Announcing the Internet.org Platform - dombili
https://newsroom.fb.com/news/2015/05/announcing-the-internet-org-platform/

======
dfabulich
> In addition, websites must be properly integrated with Internet.org to allow
> zero rating and therefore can’t require JavaScript or SSL/TLS/HTTPS

I can understand forbidding JavaScript, but forbidding HTTPS makes it
impossible to build any kind of secure service.

Does Facebook follow this rule today in its zero-rated India service? If so,
does that mean it's easy to intercept those connections and impersonate users
(or Facebook itself) with FireSheep?

Related, in an interview on Scroll.in:
[http://scroll.in/article/724975/facebook-opens-up-
internet-o...](http://scroll.in/article/724975/facebook-opens-up-internet-org-
to-developers-hoping-to-pacify-net-neutrality-critics)

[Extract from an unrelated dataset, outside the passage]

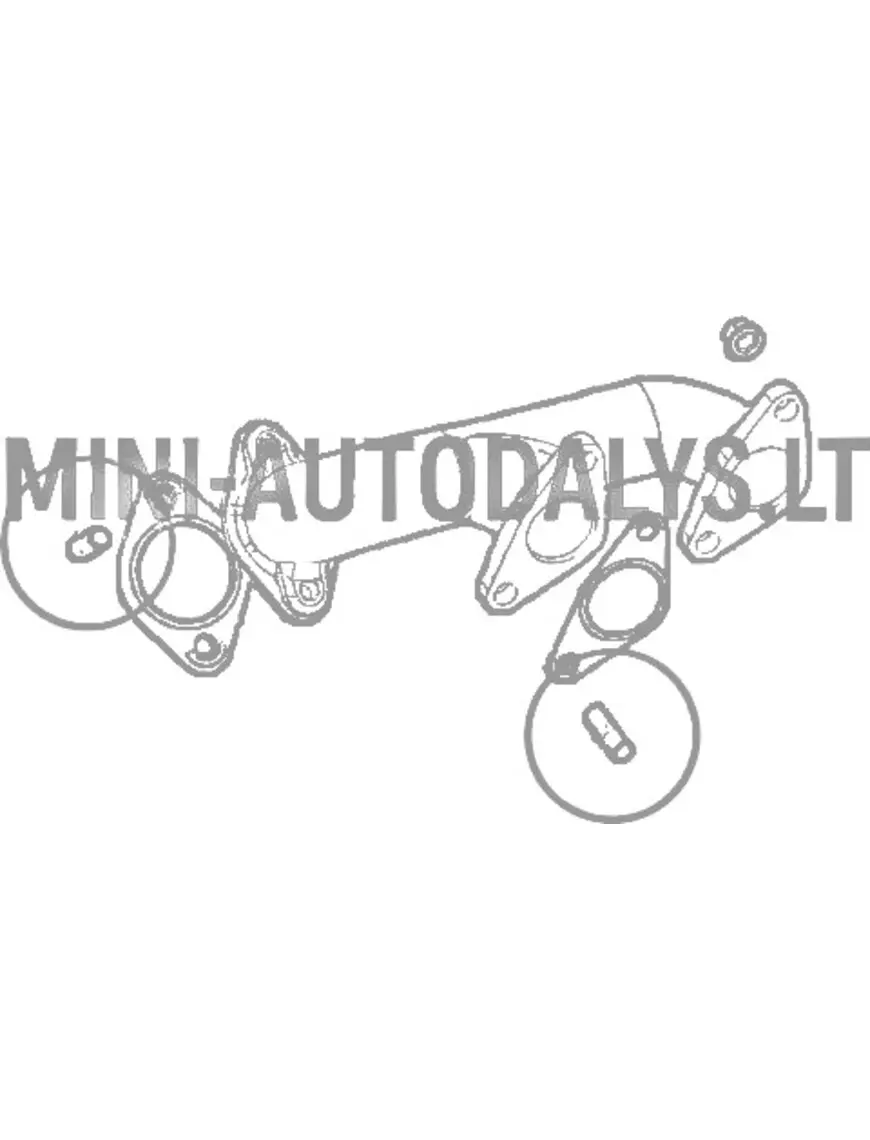 Izplūdes kolektora tapa Lombardini DCI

> Q: Isn’t it strange that Internet.org wants to offer free basic services but
> has no email?

> A: If an email provider wants to comply with the platform guidelines that we
> are announcing, Internet.org would be glad to have it.

Well, yeah, but if that means someone would have to offer email service
without HTTPS, so anybody can read my email unencrypted or even send email as
me, is that even useful?

------
lightlyused
_The Internet.org Platform aims to give people valuable free services that
they can use to discover the entire wealth of online services and, ultimately
become paying users of the internet._

Had to check to make sure the date wasn't April 1st.